* Given data
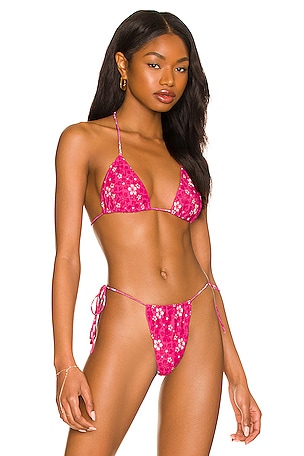 Beach Bunny Lexi Glitter Bralette Bikini Top in Neon Pink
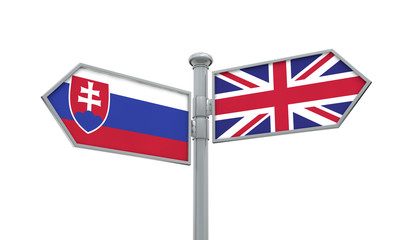 Slovakia and United Kingdom guidepost. Moving in different directions. 3D Rendering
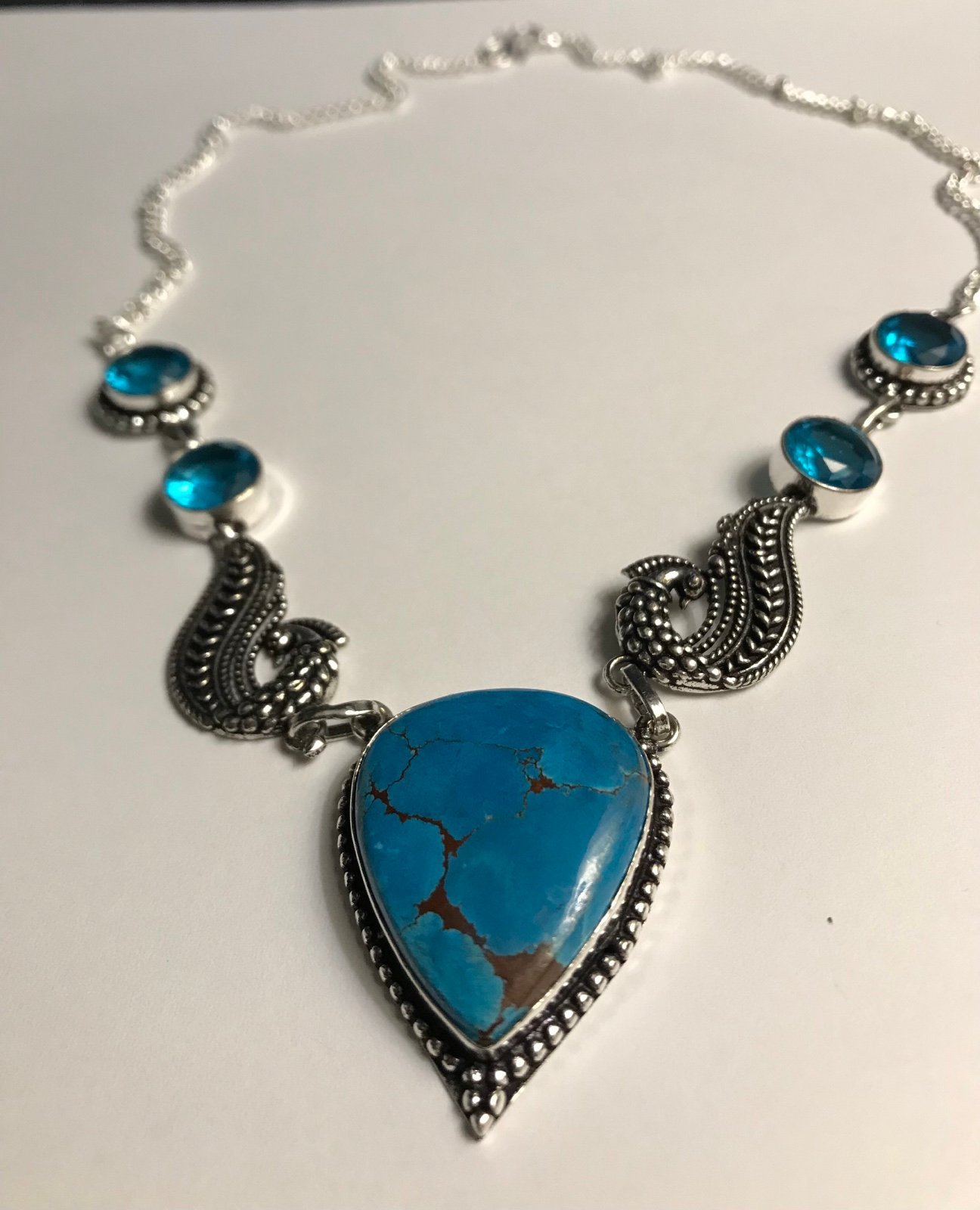 Turquoise Blue Topaz 925 Sterling Silver Necklace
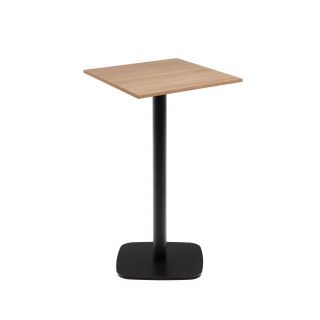 Высокий стол La Forma (ex Julia Grup) Dina BD-2859756 из меламина с натуральной отделкой и металлической черной ножкой 60x60x96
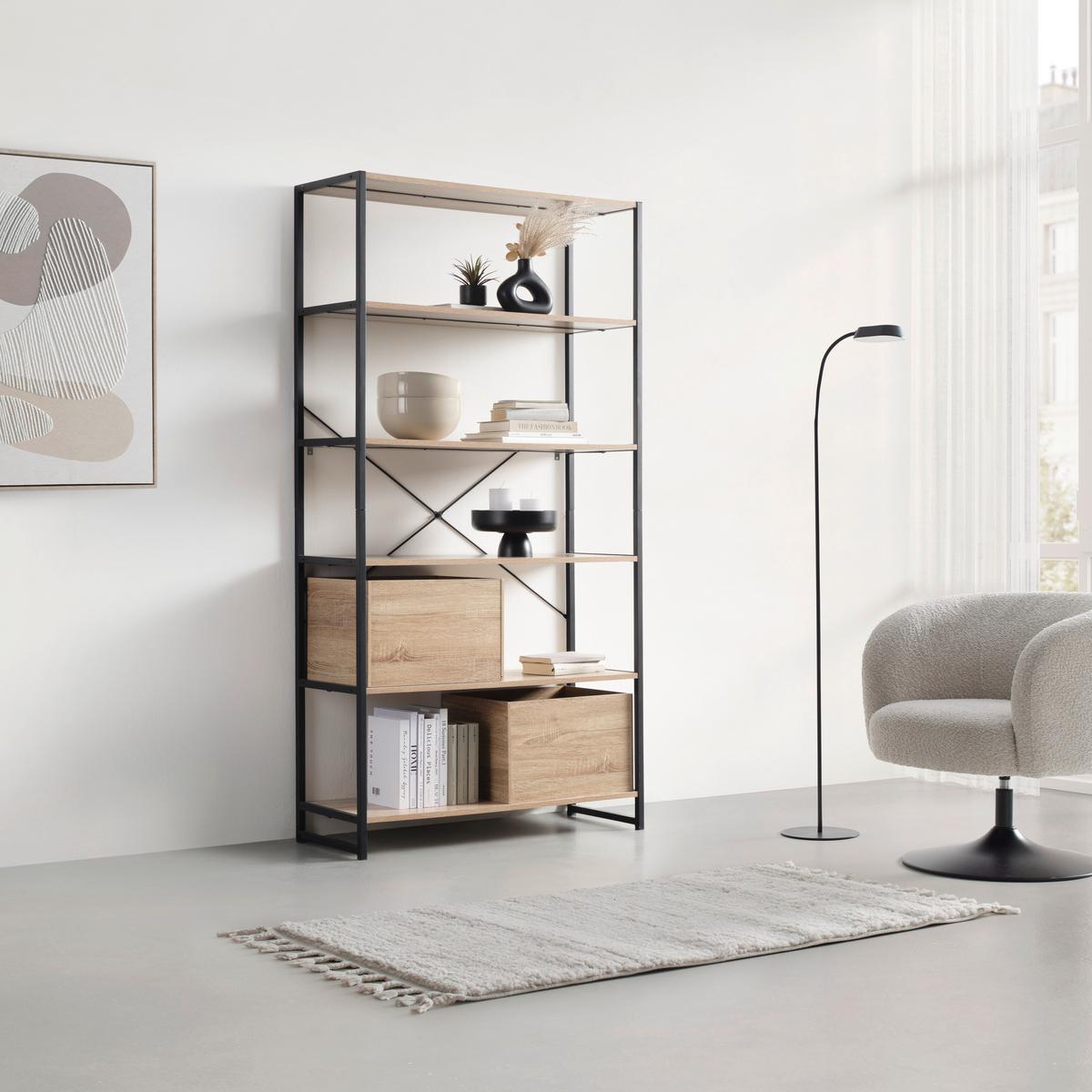 Polc 6 Tölgy Színű Polclappal Bono - fekete/Sonoma tölgy, Modern, faalapú anyag/fém (95/180/35cm) - Mömax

* Exercise prompt
If a line holds an image, leave the image out; retype everything else in the entries exactly.

* Solution to this problem
 Beach Bunny Lexi Glitter Bralette Bikini Top in Neon Pink
 Slovakia and United Kingdom guidepost. Moving in different directions. 3D Rendering
 Turquoise Blue Topaz 925 Sterling Silver Necklace
 Высокий стол La Forma (ex Julia Grup) Dina BD-2859756 из меламина с натуральной отделкой и металлической черной ножкой 60x60x96
 Polc 6 Tölgy Színű Polclappal Bono - fekete/Sonoma tölgy, Modern, faalapú anyag/fém (95/180/35cm) - Mömax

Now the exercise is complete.